The latter idea is perhaps best exemplified by the Zimmer Amendment, quoted in the Slate.com article. The amendment was introduced by congressman Dick Zimmer and passed by Congress in 1995 "To amend the Violent Crime Control and Law Enforcement Act of 1994 to prevent luxurious conditions in prisons." In Section 2, "Elimination of Luxurious Prison Conditions", the amendment demands not providing:
"(vii) any instruction (live or through broadcasts) or training equipment for boxing, wrestling, judo, karate, or other martial art, or any bodybuilding or weightlifting equipment of any sort;"
Although the amendment has since expired, it's left a legacy of Byzantine guidelines on what kind of exercise equipment is and isn't allowed in prisons. Most state and federal prisons still more or less abide by the terms of the Zimmer Amendment, and are phasing out weightlifting equipment by not replacing it as it wears out.
So one strand of the argument against weights is "prison luxury", a staple of the law and order platform. Prison, they insist, must be a punishment, and prisoners shouldn't be allowed "luxuries" because they're being punished.
The different views on the topic can pretty much be found in the New York Times article on the amendment. Here's the law-and-order plank:
Behind all these measures, supporters say, is the idea of making prison a less pleasant place for repeat offenders to come back to.
"To habitual criminals, prisons are resorts with televisions, weight-training facilities and libraries that some colleges would envy," said State Senator Gerald A. Cardinale of New Jersey, who has sponsored a no-frills measure called the People's Prison Act, which the Legislature will take up in the fall. "For a lot of them, jail time is just an extended vacation."
(...)
Mr. Zimmer said: "When you break the law of the land, you should pay the price for your crime, not be rewarded with a vacation watching premium cable on your personal television."
(...)
"Prisons have become mini-resorts and it's disgusting, and it's particularly disgusting to crime victims," said Mr. Deeds of the Law Enforcement Alliance, which enlists crime victims to campaign for harder prison conditions. "We strongly believe that prison is meant to be punishment, a deterrent and a prevention tool, not a resort experience."

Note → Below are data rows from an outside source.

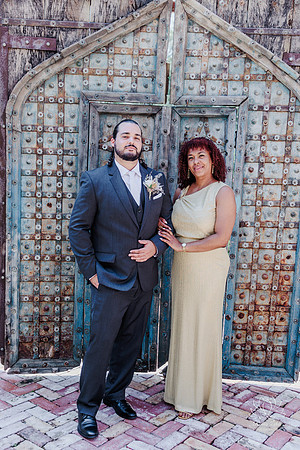 wedding-317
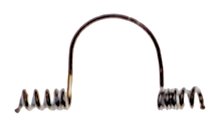 Load image into Gallery viewer, GTS (Goodman™ Torqueing Spring)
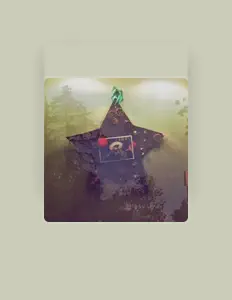 Escucha a Tiger Jones, mira vídeos musicales, lee la biografía, consulta fechas de giras y mucho más.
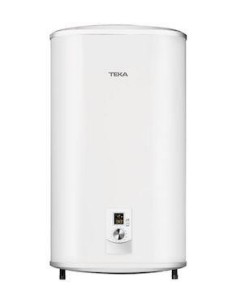 Termo Eléctrico TEKA GB SHS100
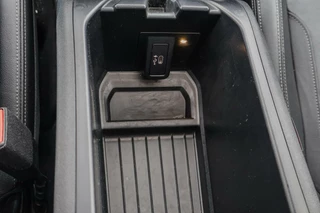 BMW X3 BMW X3 xDrive30e M-SPORT PANORAMADAK HEAD UP HARMAN KARDON 360CAMERA - afbeelding nr 25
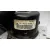 Abs para Chrysler Voyager (Gs)
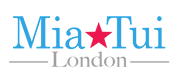Mia Tui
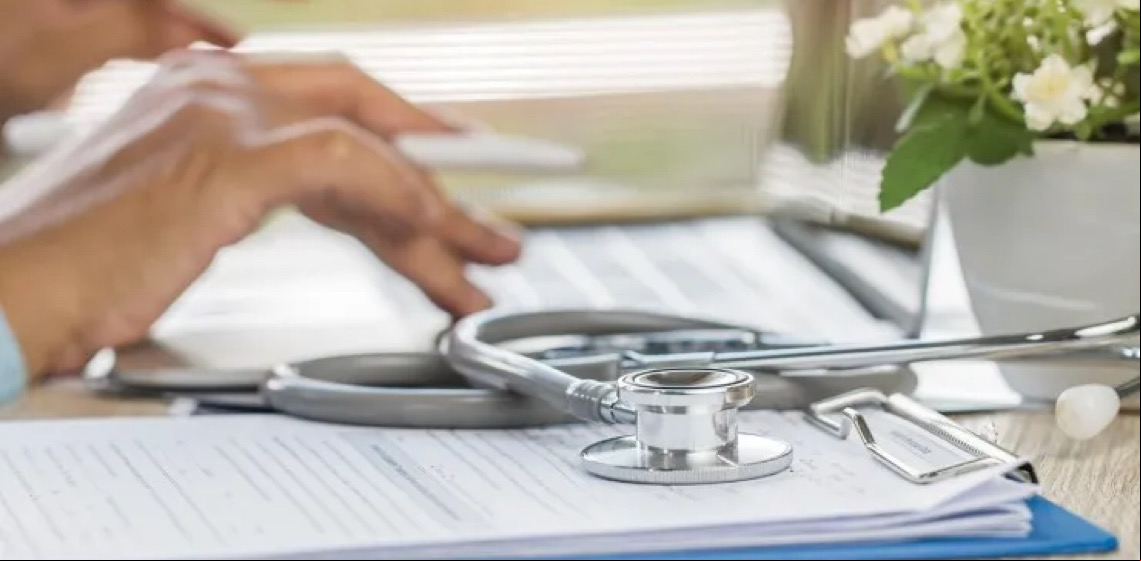 Equivalência de diploma médico em Portugal: Como pedir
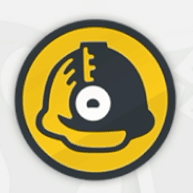 Sticker Icon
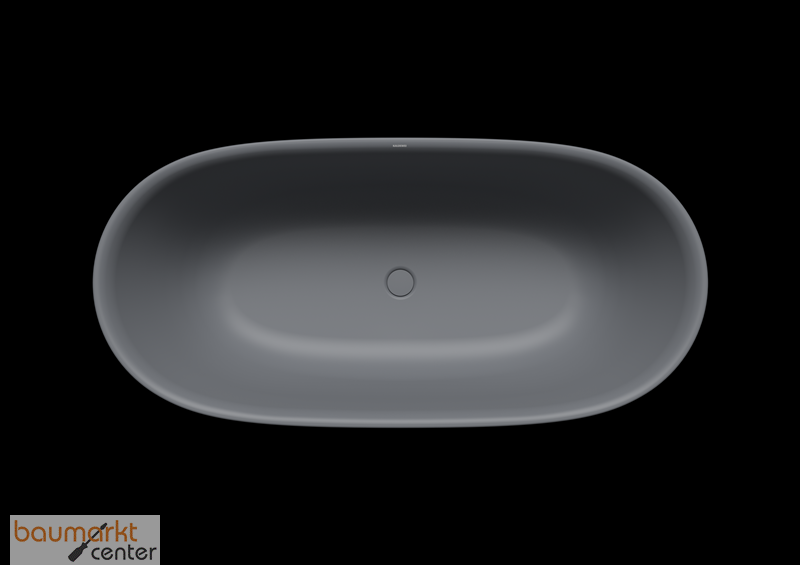 KA BW MST OYO DUO 1050, 1630 x 770,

So when it's a womens' prison, our society fantasizes about lesbians and Brigitte Nielsen, but when it's a mens' prison, we fantasize about fine physical specimens pumping iron and watching cable TV. Both those fantasies have one thing in common: none of the people responsible for them have ever been to prison.
For starters, the "women in prison" movies. I don't think the reality of a womens' prison sounds particularly sexy:
Wikipedia:
Sexual aggression and abuse by male prison staff is widespread. (...)
“In federal women’s correction facilities, 70% of guards are male,” reinforcing female inmates’ powerlessness. (...)
In 2005, “the Office of the Inspector General and the DOJ released a report documenting widespread sexual abuse by prison employees nationwide, noting that only 37% had faced some kind of legal action. Of those, ¾ walked away with no more than probation. It took all of this evidence for the BOP to finally criminalize sexual contact as a felony in 2006, so that guards can actually face up to five years in prison”. However, “when authorities confimed that corrections staff had sexually abused inmates in their care, only 42% of those officers had their cases referred to prosecution; only 23% were arrested, and only 3% charged, indicted, or convicted. Fifteen per cent were actually allowed to keep their jobs”.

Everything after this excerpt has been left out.